For the 2020 election cycle, Clinton vowed that she was determined to help Joe Biden win the upcoming November election. “I’m spending most of my time trying to do everything I can to retire him and to send him back to the golf course full-time,” Clinton said.
As an early adopter of the term, she does not hold back on Black Lives Matter either. “This protest that is going on” — in response to George Floyd’s death at the hands of police officers — “it really is a kind of moment of moral reckoning,” Clinton said, noting that people could no longer ignore images of police brutality shot on iPhones. “They can’t turn away from that 8:46 minute video. They can’t turn away from the look on that policeman’s face where he just literally shifted his body and put his hand in [his] pocket and put greater pressure on Mr. Floyd’s neck. Because they can’t look away, they have to come to grips with what has gone on.”
Clinton believes that there have been changes in the dialogue about racism in the U.S. “Black Lives Matter was considered a kind of radical statement a few years ago,” Clinton said. “I remember I was criticized, I was attacked online, for using it. And I get it, and now, we’re at a different point because people’s awareness, consciousness and actual events that they now see on their phones has changed the debate.”
Clinton experienced gender bias throughout her campaign as voters responded to her differently based on their own biases about women.
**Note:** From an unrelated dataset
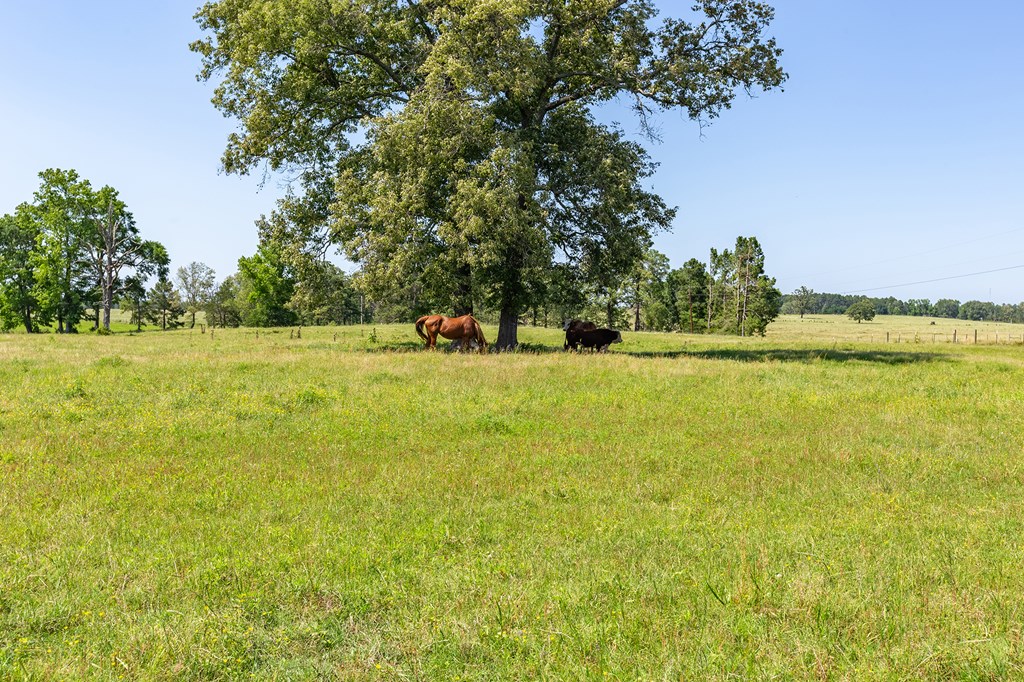 Pollok, Texas, 75969, United States, ,Residential,For Sale,1928088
“I really did feel that I was this walking Rorschach test,” Clinton said. “That people would project onto me all kinds of feelings and experiences in their own lives. Obviously, it was most apparent around my decision to stay in my marriage, which was a very painful, personal challenge. We talked, obviously, quite a bit about [that] in the documentary, and it was not easy. I felt like I was making, at the end of the day, the right decision for me, my family. And therefore, I was very much at peace with that.”